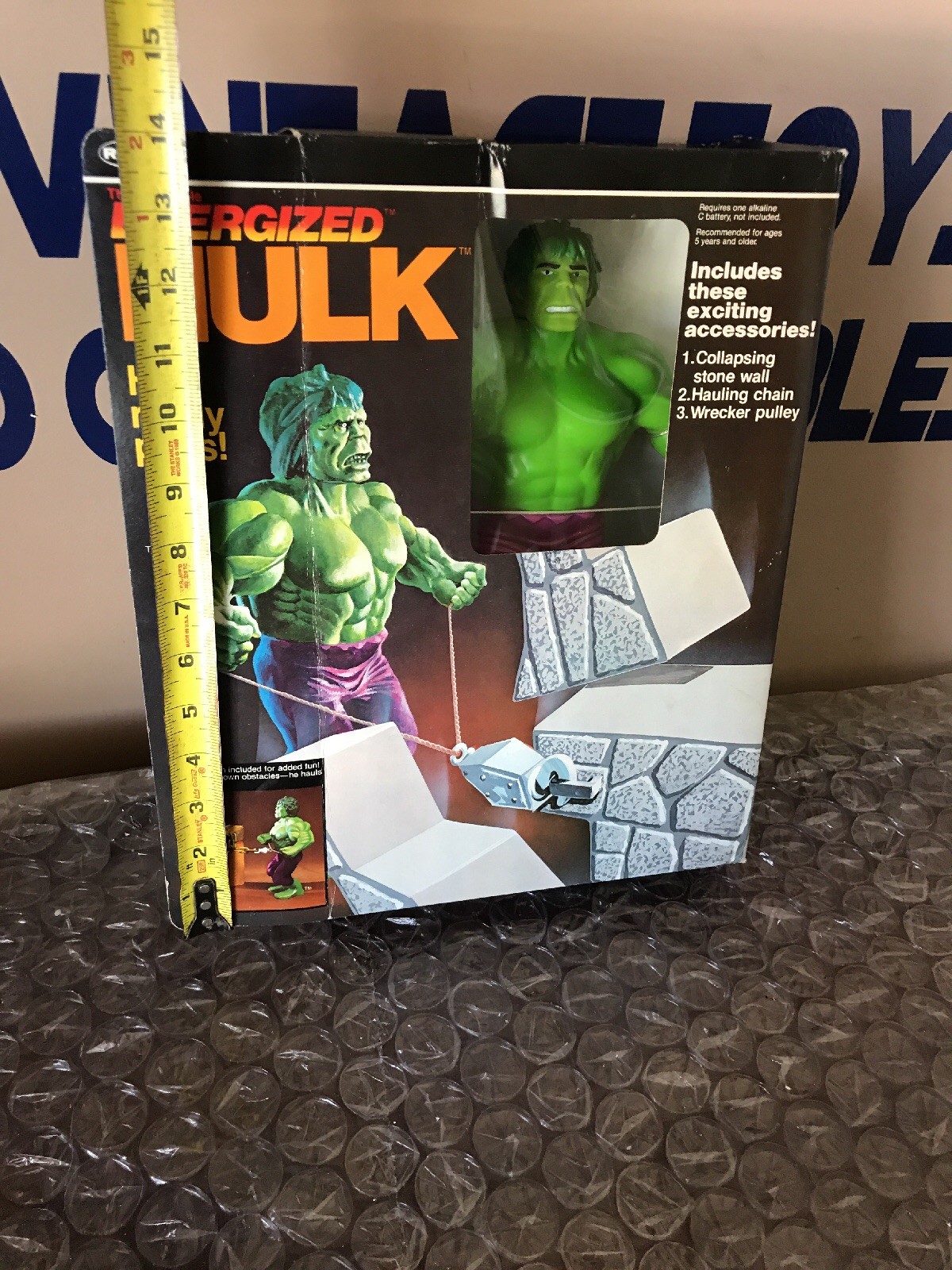 VINTAGE REMCO 1979 THE INCREDIBLE ENERGIZED HULK UNUSED Collapsing Stone Wall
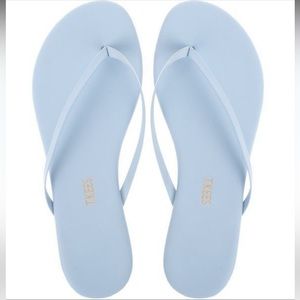 Tkees Slippers- Size 8- Blue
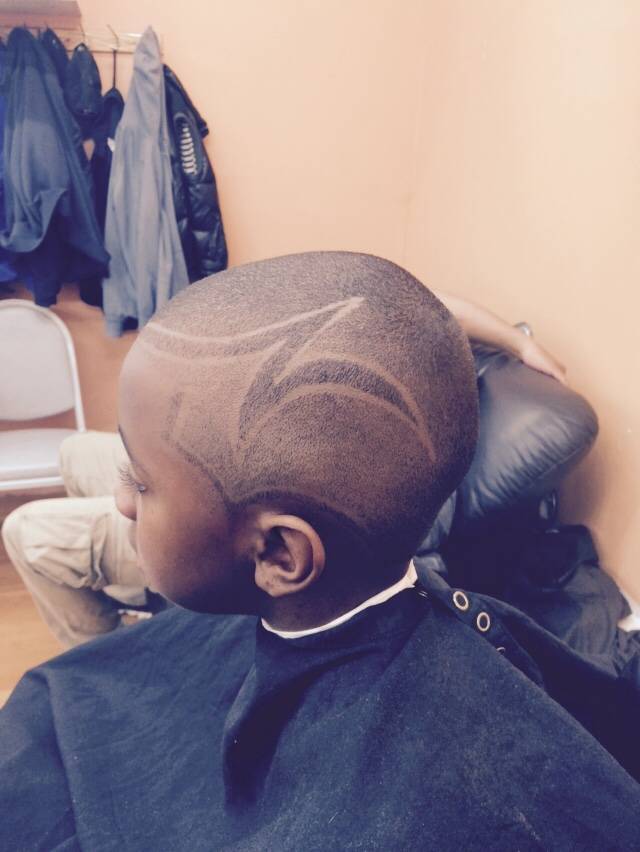 Santo Domingo Barber Shop | 951 Main Ave #1, Passaic, NJ 07055, USA | Phone: (973) 472-9611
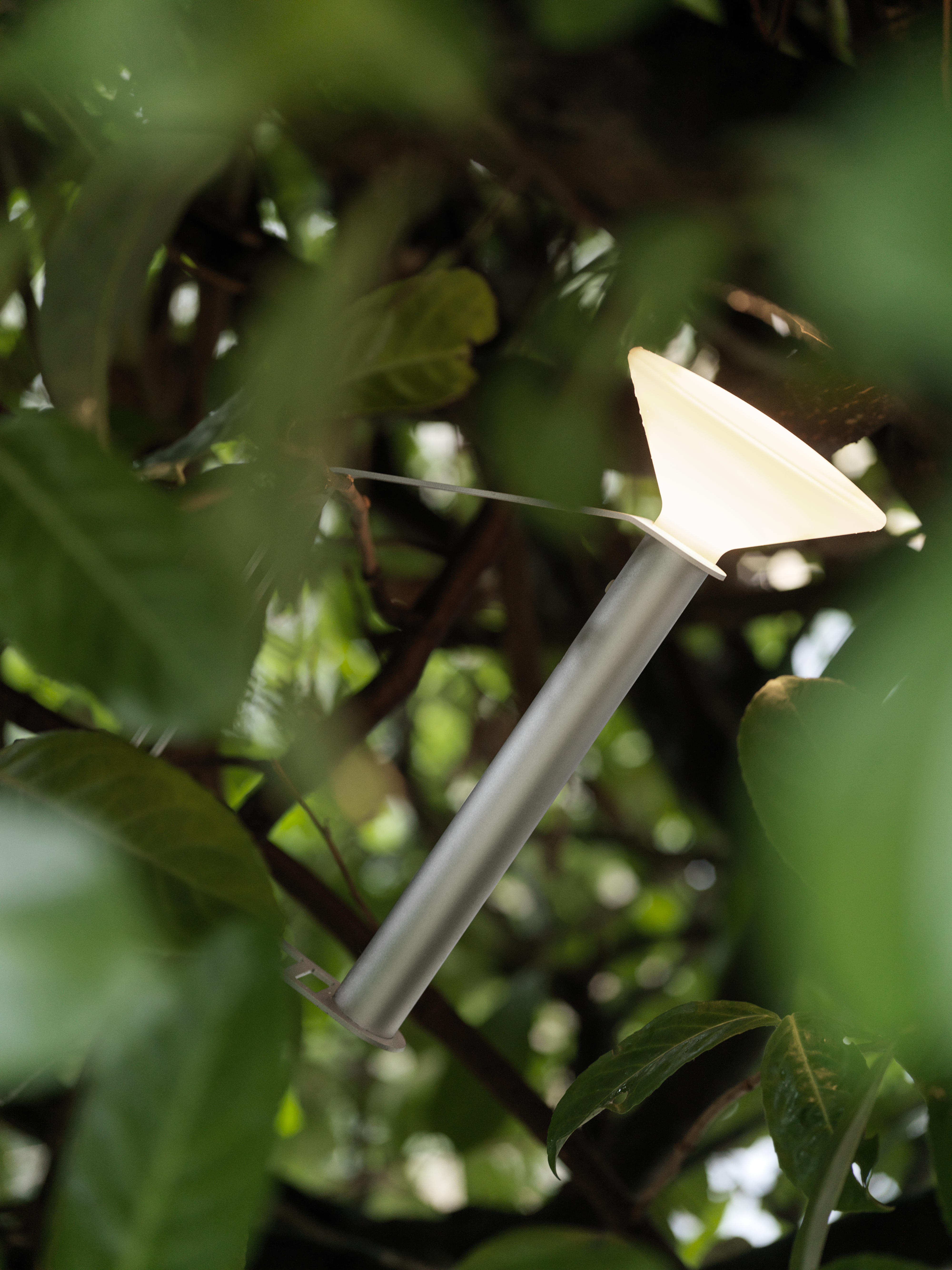 Piton Portable Lamp in Aluminum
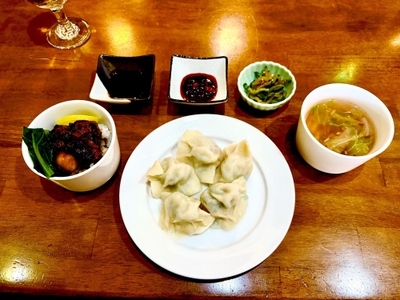 ZZ1hCuVMMrYsbehMvDzH.jpg?w=940&h=940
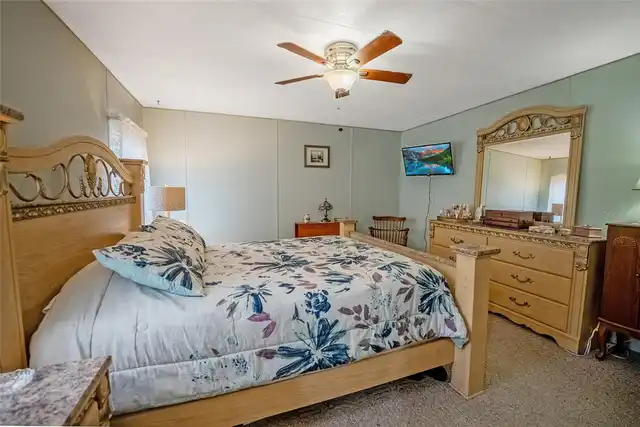 Listing Photo 16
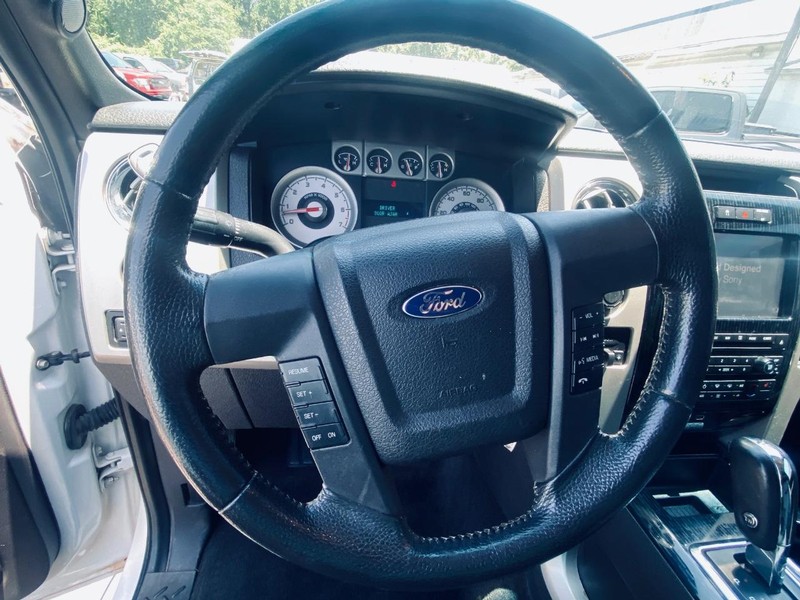 Ford F-150 Vehicle Full-screen Gallery Image 22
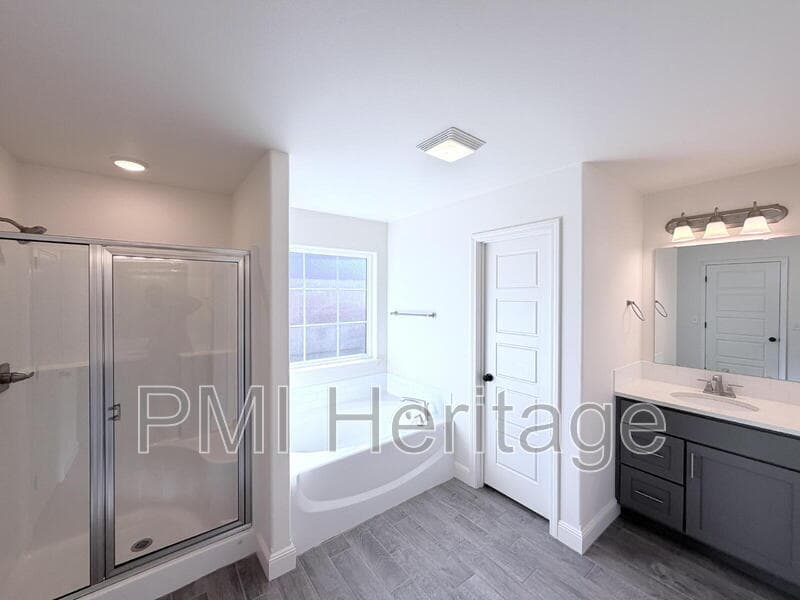 Pea Ridge House: 256 Hunt Street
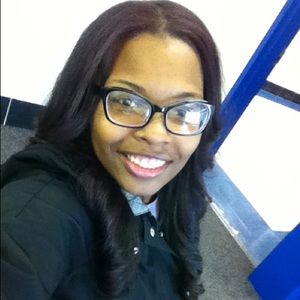 Meet your Posher, Aisha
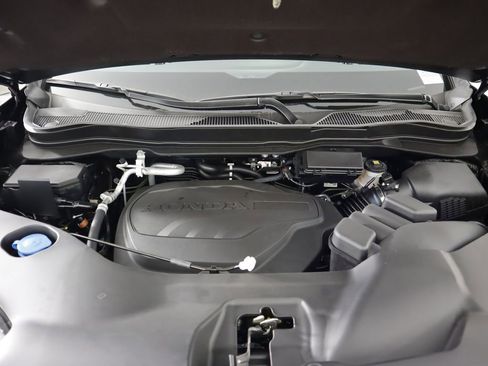 Certified 2025 Honda Passport EX-L image 29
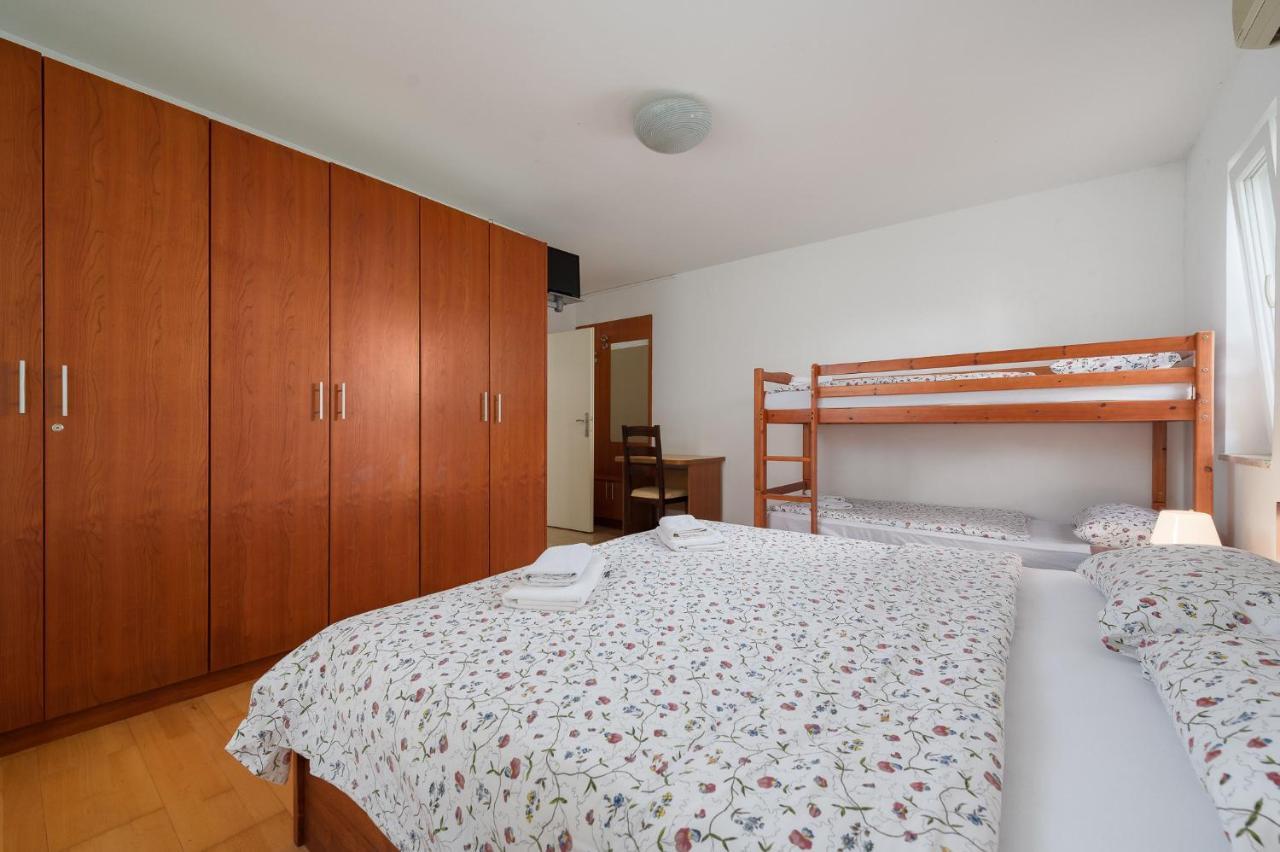 Apartman Inteuro ポレッチ エクステリア 写真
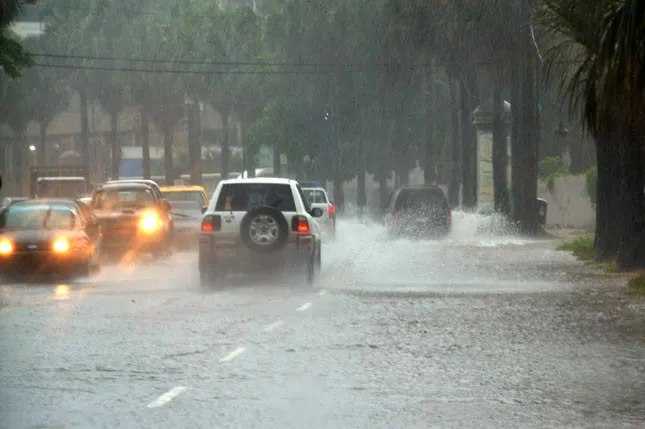 COE mantiene 21 provincias en alerta por los efectos de una vaguada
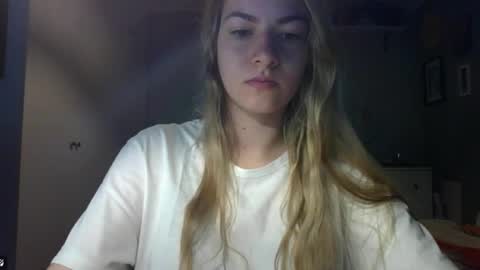 Snapshot of rosie_june chatting on 02.25.26 Rosie online show from 02.25.26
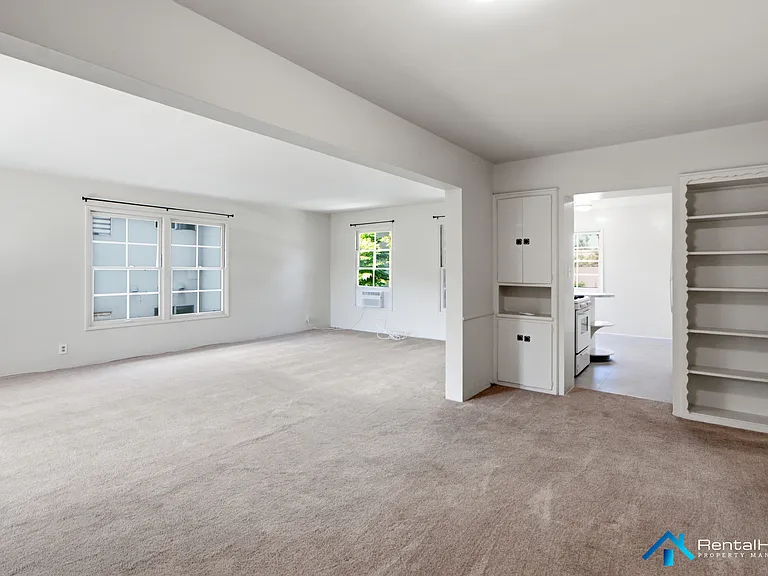 449 N Euclid Ave #H — Photo 4
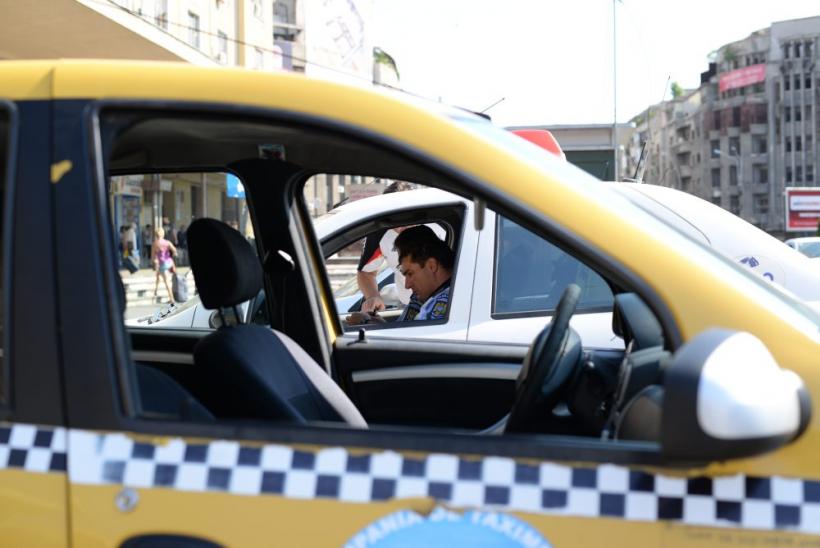 Razie a poliţiştilor printre taximetriştii de la Gara de Nord din Bucureşti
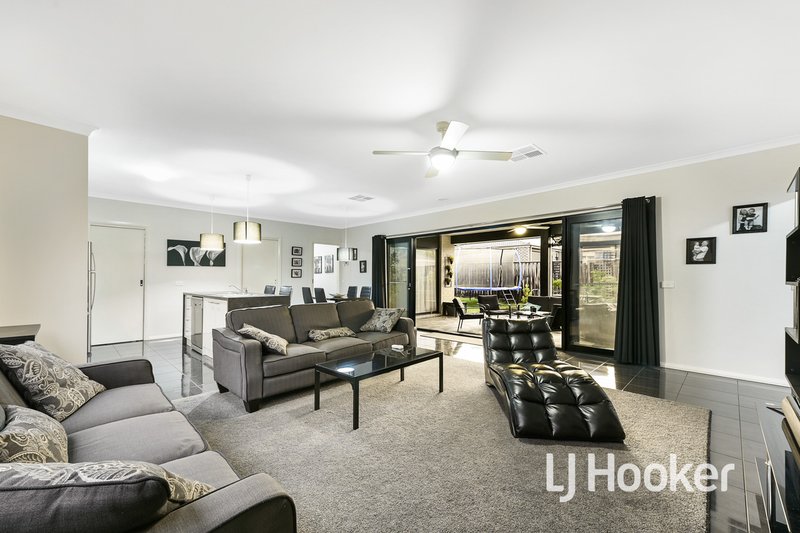 Photo - 3 Tribuzi Close, Pakenham VIC 3810 - Image 7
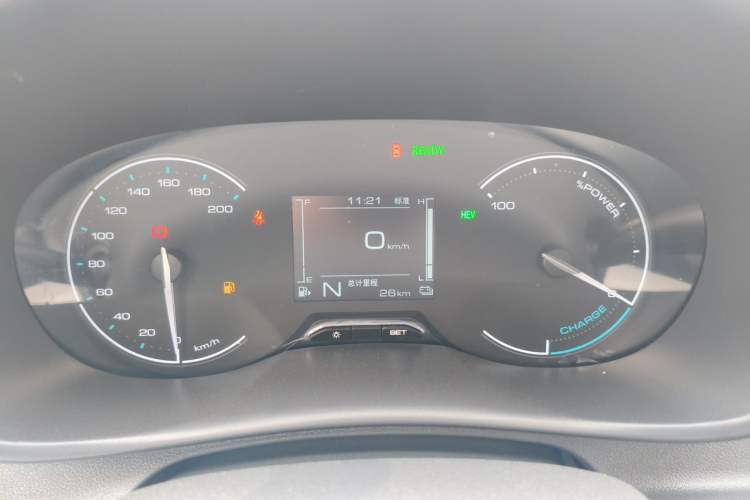 Used Wuling Hongguang New Energy 2025 Extended-Range Hybrid 50KM Comfort Version Instrument Cluster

# Assignment
Write the lines from the line containing "Meet your Posher, Aisha" through the last line of the data out again exactly, and only those lines; pictures stay out.

# Response box
 Meet your Posher, Aisha
 Certified 2025 Honda Passport EX-L image 29
 Apartman Inteuro ポレッチ エクステリア 写真
 COE mantiene 21 provincias en alerta por los efectos de una vaguada
 Snapshot of rosie_june chatting on 02.25.26 Rosie online show from 02.25.26
 449 N Euclid Ave #H — Photo 4
 Razie a poliţiştilor printre taximetriştii de la Gara de Nord din Bucureşti
 Photo - 3 Tribuzi Close, Pakenham VIC 3810 - Image 7
 Used Wuling Hongguang New Energy 2025 Extended-Range Hybrid 50KM Comfort Version Instrument Cluster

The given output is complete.